Professor of Mathematics

St. Mary's College of Maryland

St. Mary's City, Maryland, USA

sgoldstine@smcm.edu

http://faculty.smcm.edu/sgoldstine/gallery/mathart.html

Statement

For me, the most exciting part of mathematics is communicating it to others. I am especially interested in models that make mathematical concepts tactile or visual. This passion has led me to many artistic projects in the course of my work as a math professor and to some unexpected and delightful collaborations. My bead crochet artworks are outgrowths of an extended research project with computer scientist and artist Ellie Baker, outlined in our recent book, Crafting Conundrums: Puzzles and Patterns for the Bead Crochet Artist. I am fascinated both by the challenge of producing regular patterns on bead crochet surfaces and by explorations of what geometric forms are achievable in bead crochet.

Artworks

Image for entry 'Map Coloring Jewelry Set'

Map Coloring Jewelry Set

30 x 20 x 20 cm

Glass beads, gold-filled beads, thread, ear wires

2014

While every map on a plane can be colored with four colors so that no two adjacent countries are the same color, maps on other surfaces may require more colors. This jewelry set displays maps requiring the maximum number of colors for three surfaces. The bracelet, bead crochet with a bead-woven closure, is a double torus in eight colors, each of which touches all the others. The gold bead in the center of the pink and blue spiral is strictly ornamental. The pendant is a bead-crochet torus with seven colors, and all of the color contacts are visible from the front side. The bead-woven earrings are each four-color maps in the plane. With over 5300 beads in total, the entire set is wearable topology at its finest.
Image for entry 'Frieze Frame'

Frieze Frame

24 x 24 cm

Glass beads, crochet cotton thread

2015

The frieze groups describe the various symmetries of two-dimensional patterns that repeat in a single direction, like decorative borders in many traditional artworks.
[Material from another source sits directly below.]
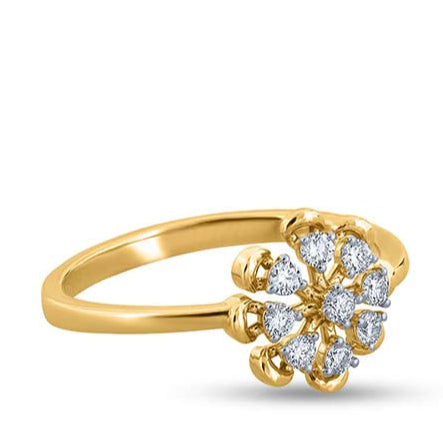 Lustrous Diamond Botanique Ring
This bead crochet disk with 6471 beads shows patterns for each of the seven frieze groups. Although the strips bend around the circle, warping the planar symmetries, each strip consists of three rounds of beads with the same number of beads in each round, and so its design is equivalent to a straight-strip design with unwarped translations, reflections, rotations and/or glide reflections. I am indebted to Brigitte Servatius, whose charming paper The Geometry of Folding Paper Dolls led me to consider an artwork incorporating frieze patterns.